Work task =>
Starting at the first line of the material below, retype each line exactly until you reach the line with "Strike Goals Adults", which is also included; pictures stay out.

Records shown =>
•••

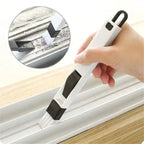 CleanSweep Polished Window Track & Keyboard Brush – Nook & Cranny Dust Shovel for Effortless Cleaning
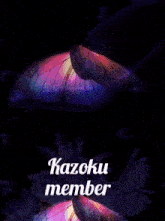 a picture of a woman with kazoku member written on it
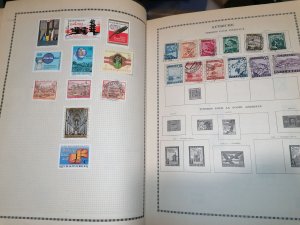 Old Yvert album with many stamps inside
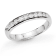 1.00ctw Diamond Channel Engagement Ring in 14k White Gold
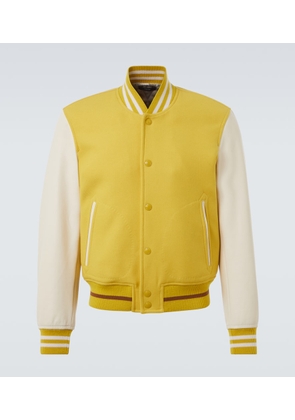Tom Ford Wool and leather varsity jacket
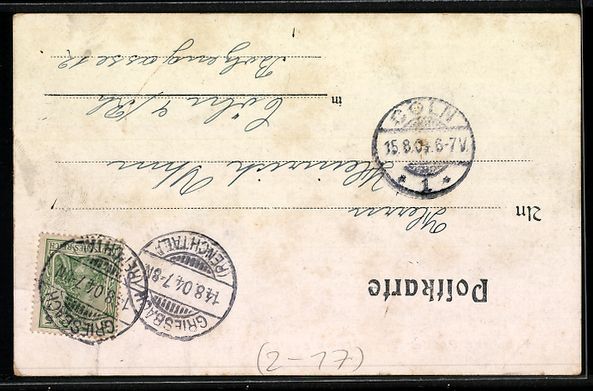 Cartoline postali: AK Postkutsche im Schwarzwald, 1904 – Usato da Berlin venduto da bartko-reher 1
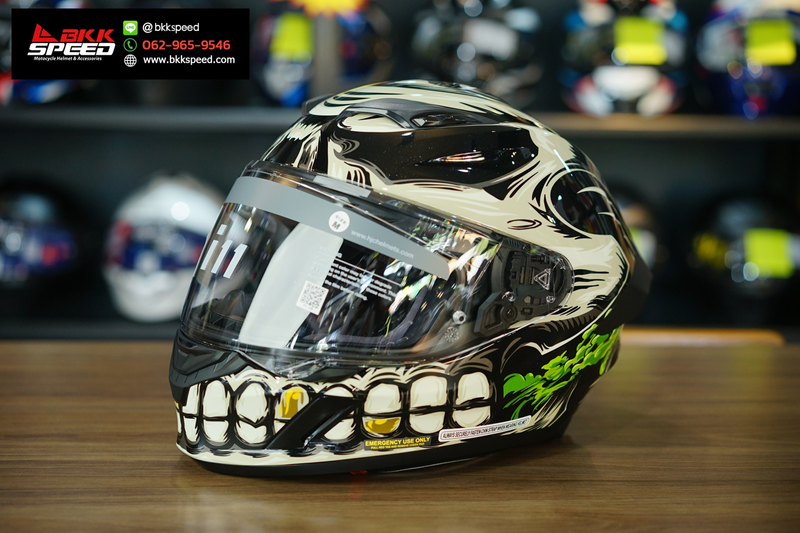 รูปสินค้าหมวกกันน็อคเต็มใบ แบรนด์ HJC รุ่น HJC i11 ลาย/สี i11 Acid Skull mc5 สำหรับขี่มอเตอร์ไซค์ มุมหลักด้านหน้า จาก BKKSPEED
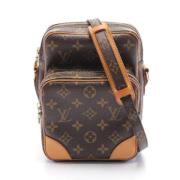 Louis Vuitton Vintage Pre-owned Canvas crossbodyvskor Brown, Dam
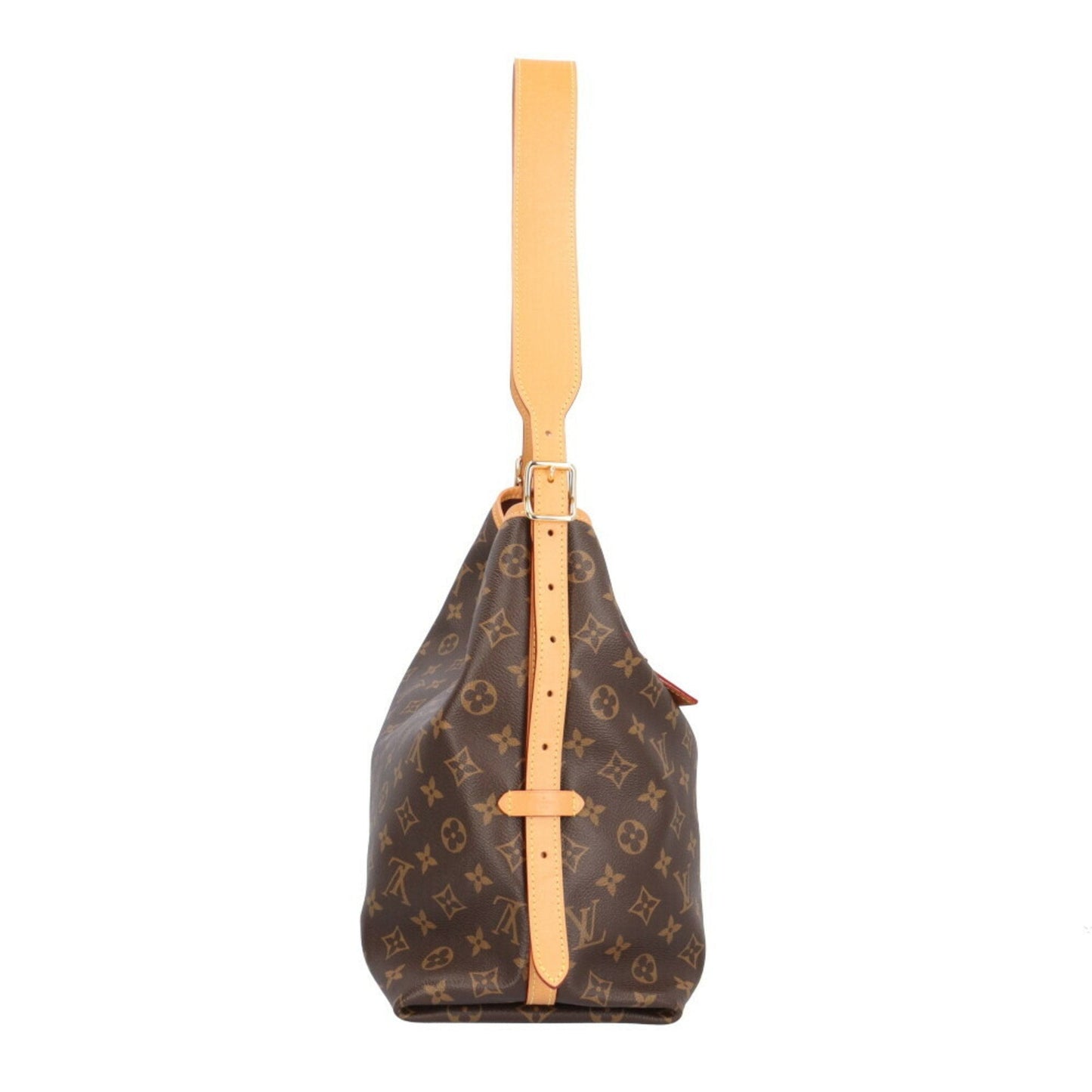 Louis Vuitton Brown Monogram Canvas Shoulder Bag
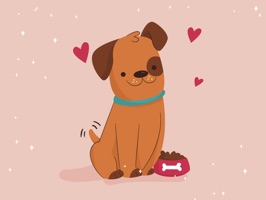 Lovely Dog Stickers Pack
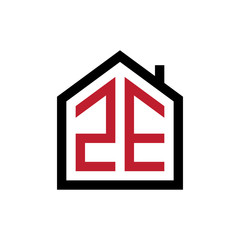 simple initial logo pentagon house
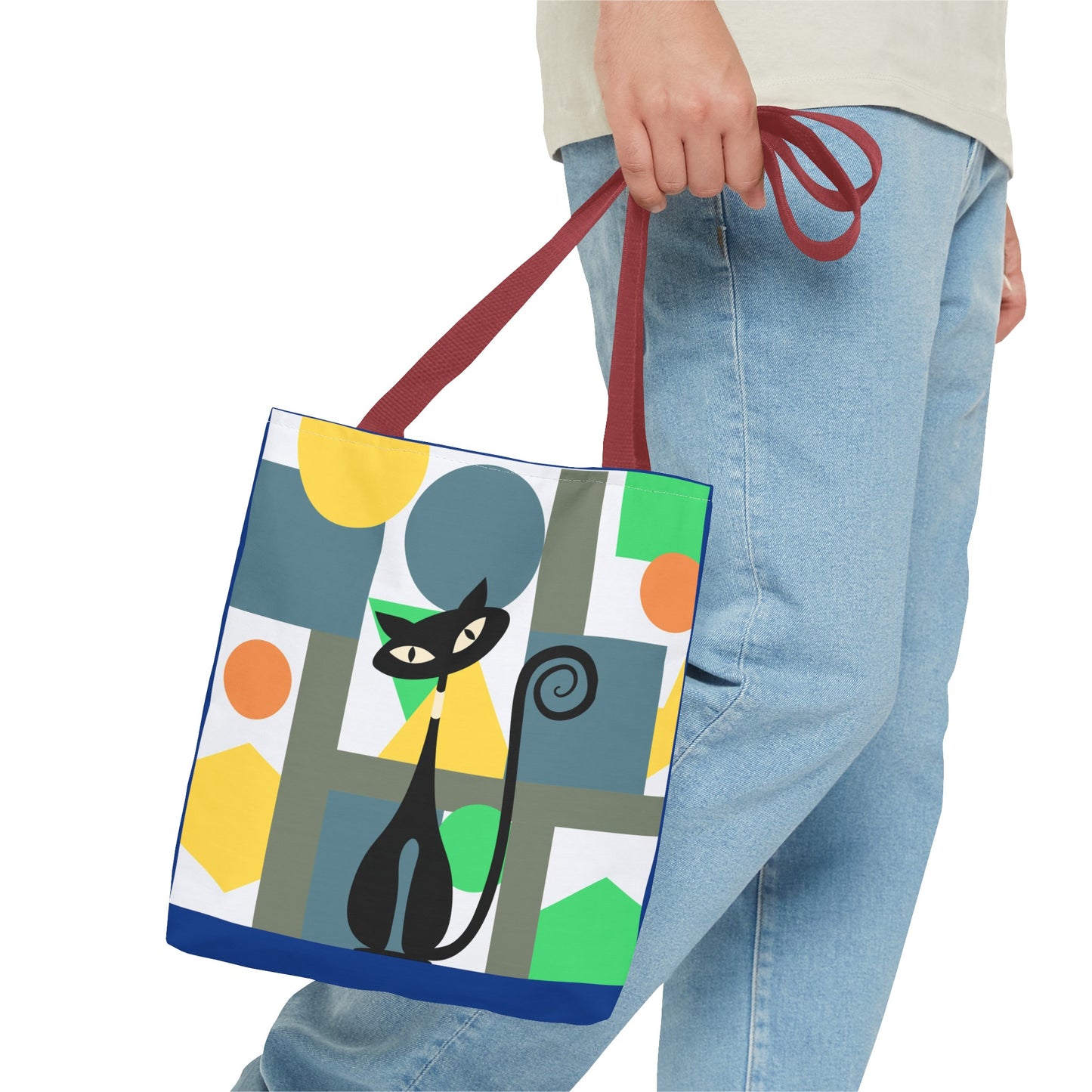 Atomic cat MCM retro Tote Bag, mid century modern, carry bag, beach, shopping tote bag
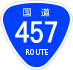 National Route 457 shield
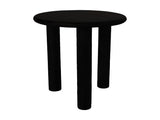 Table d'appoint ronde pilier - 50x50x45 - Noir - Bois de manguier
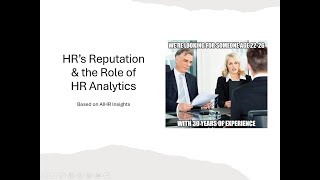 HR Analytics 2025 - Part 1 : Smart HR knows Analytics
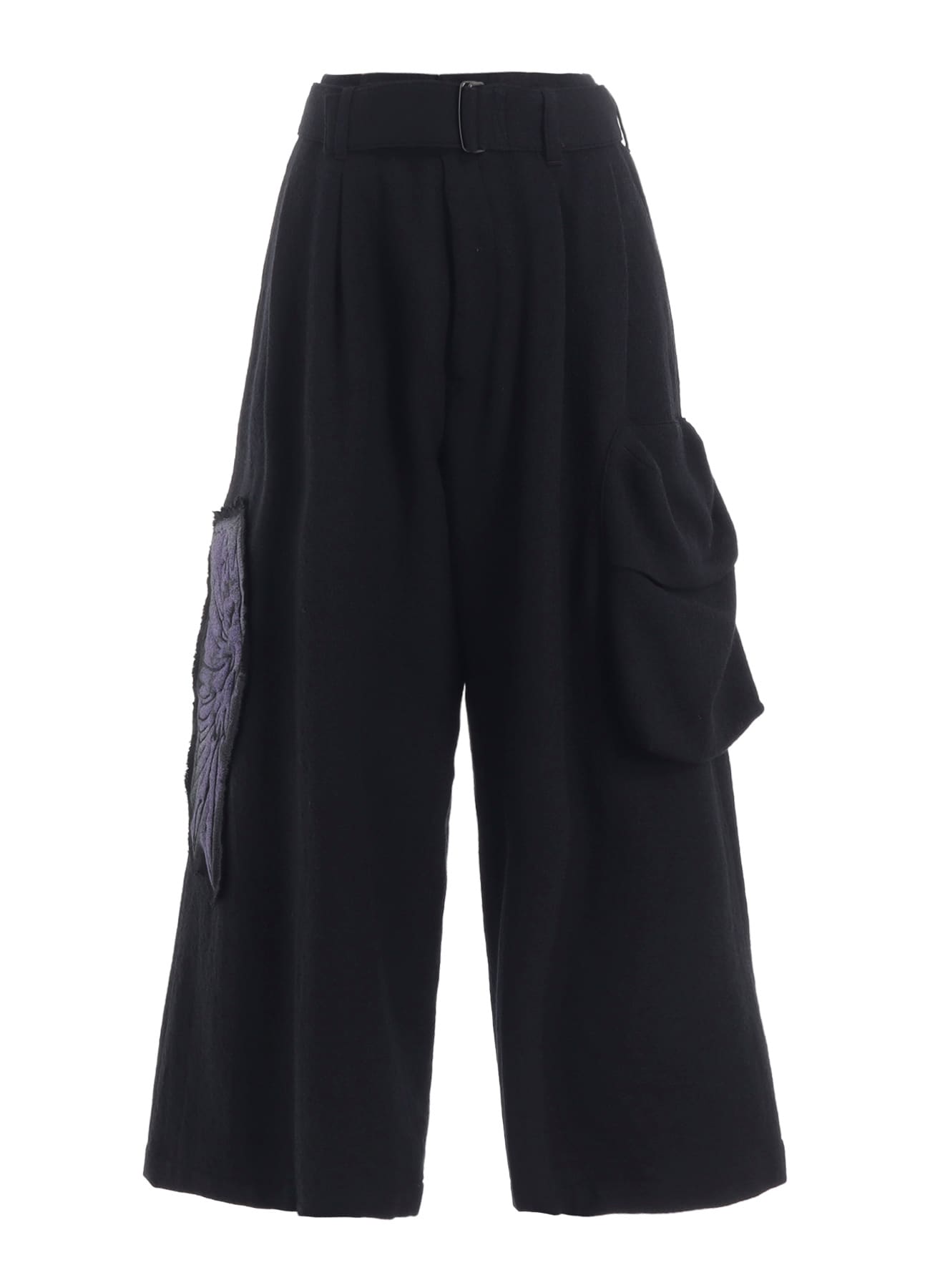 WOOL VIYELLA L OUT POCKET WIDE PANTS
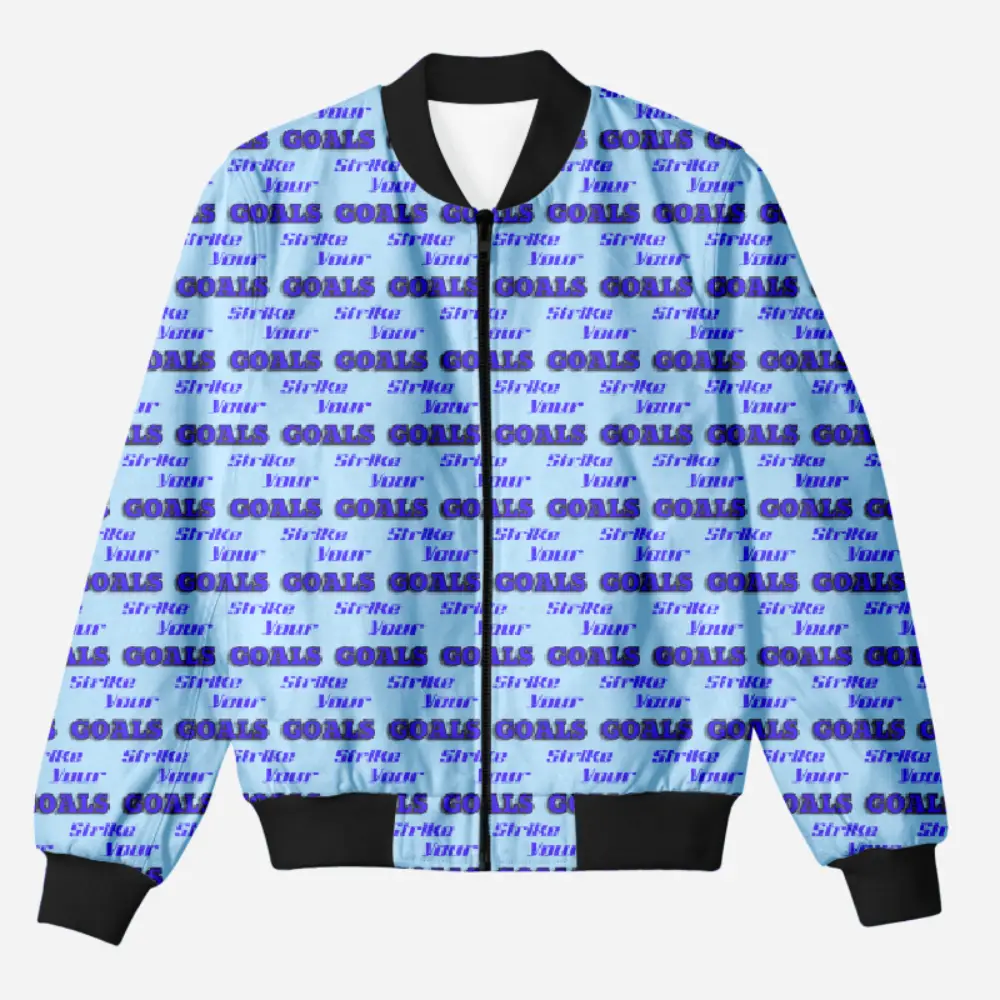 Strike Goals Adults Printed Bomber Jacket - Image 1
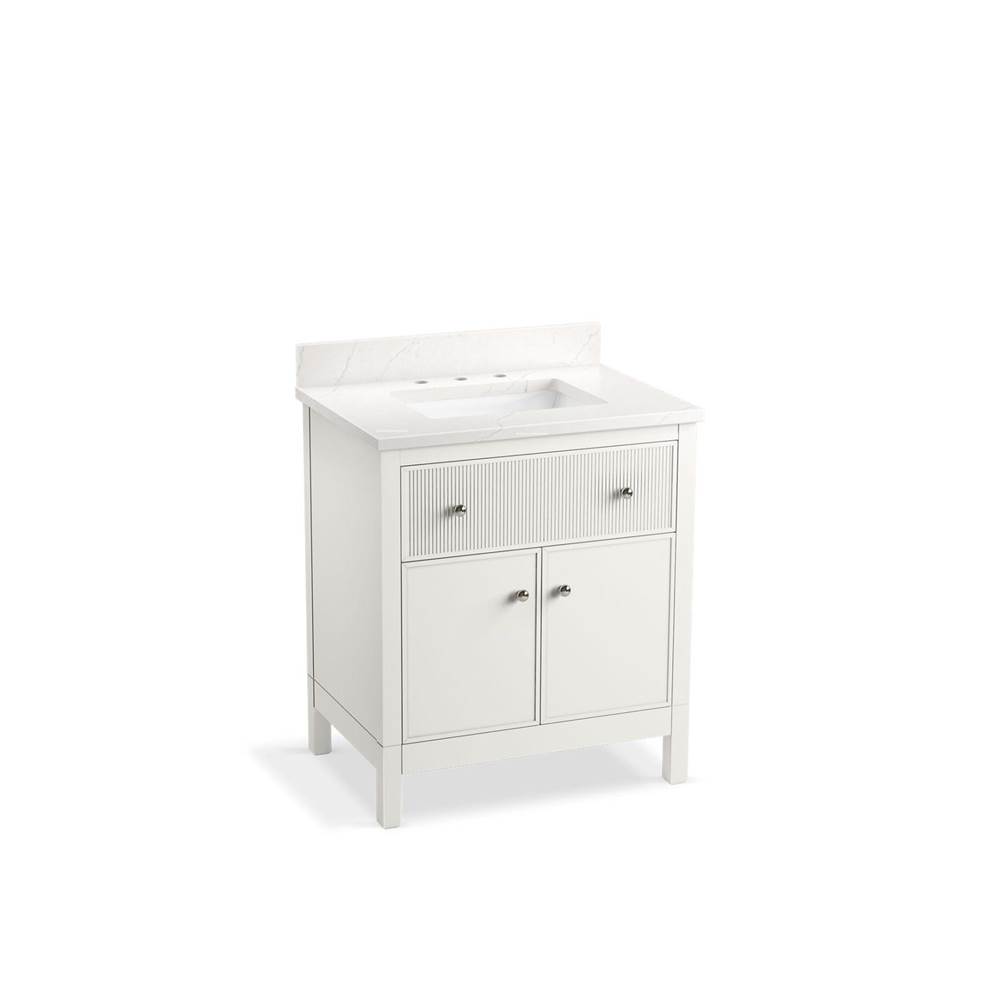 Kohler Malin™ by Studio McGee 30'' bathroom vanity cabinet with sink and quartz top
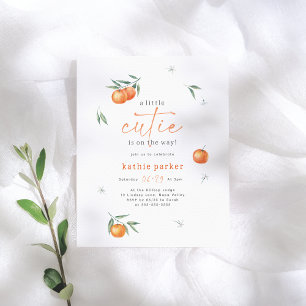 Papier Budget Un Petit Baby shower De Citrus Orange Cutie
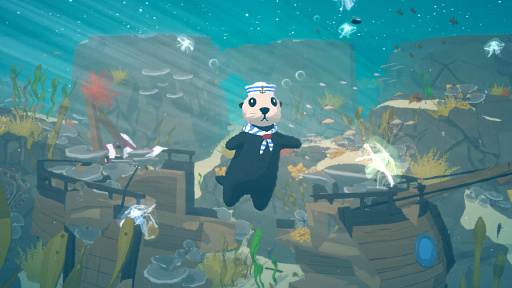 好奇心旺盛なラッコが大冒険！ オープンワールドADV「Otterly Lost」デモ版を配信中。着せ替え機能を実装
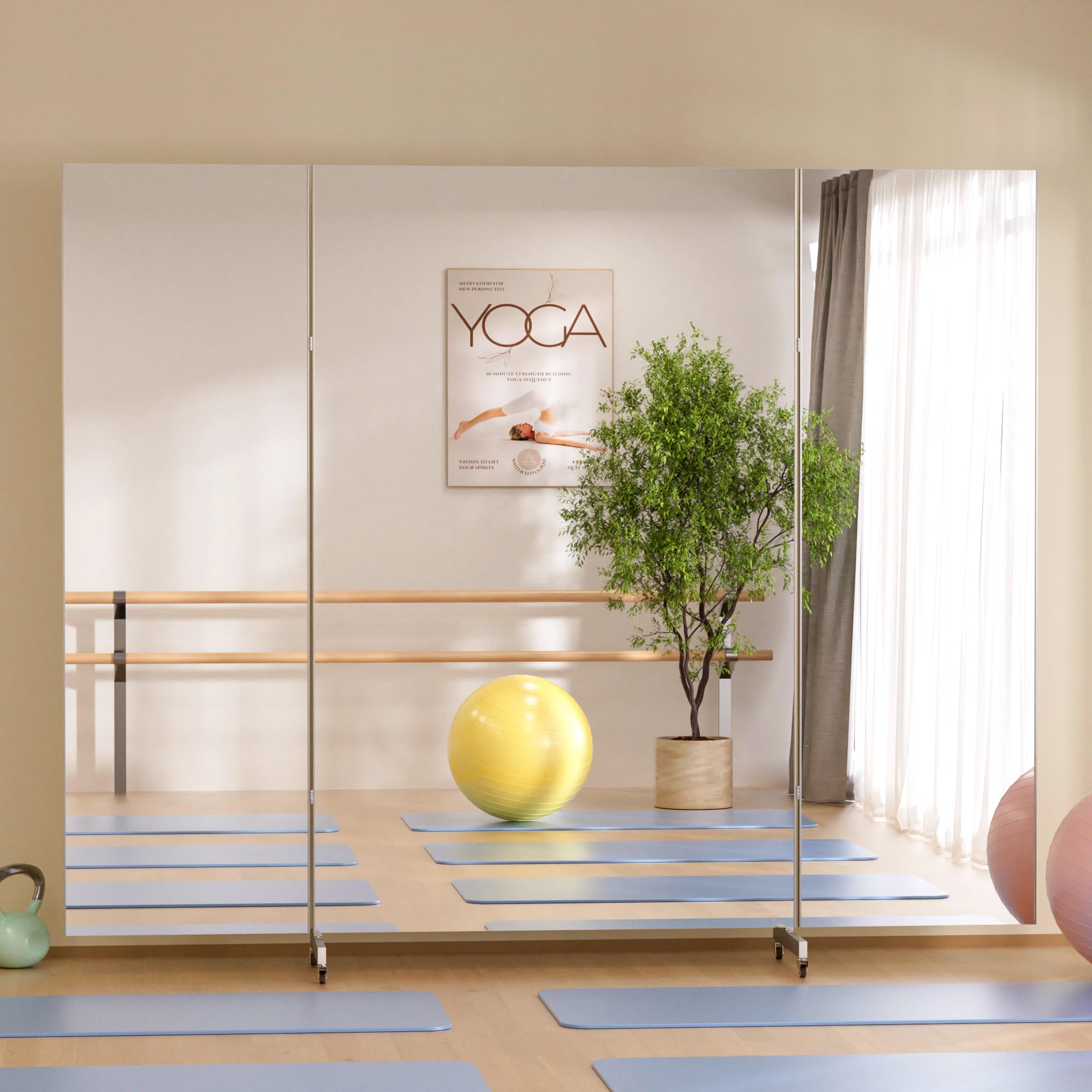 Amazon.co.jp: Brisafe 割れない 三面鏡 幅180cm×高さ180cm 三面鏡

•••

Expected answer =>
 CleanSweep Polished Window Track & Keyboard Brush – Nook & Cranny Dust Shovel for Effortless Cleaning
 a picture of a woman with kazoku member written on it
 Old Yvert album with many stamps inside
 1.00ctw Diamond Channel Engagement Ring in 14k White Gold
Tom Ford Wool and leather varsity jacket
 Cartoline postali: AK Postkutsche im Schwarzwald, 1904 – Usato da Berlin venduto da bartko-reher 1
 รูปสินค้าหมวกกันน็อคเต็มใบ แบรนด์ HJC รุ่น HJC i11 ลาย/สี i11 Acid Skull mc5 สำหรับขี่มอเตอร์ไซค์ มุมหลักด้านหน้า จาก BKKSPEED
 Louis Vuitton Vintage Pre-owned Canvas crossbodyvskor Brown, Dam
 Louis Vuitton Brown Monogram Canvas Shoulder Bag
 Lovely Dog Stickers Pack
 simple initial logo pentagon house
 Atomic cat MCM retro Tote Bag, mid century modern, carry bag, beach, shopping tote bag
 National Route 457 shield
 Table d'appoint ronde pilier - 50x50x45 - Noir - Bois de manguier
 HR Analytics 2025 - Part 1 : Smart HR knows Analytics
 WOOL VIYELLA L OUT POCKET WIDE PANTS
 Strike Goals Adults Printed Bomber Jacket - Image 1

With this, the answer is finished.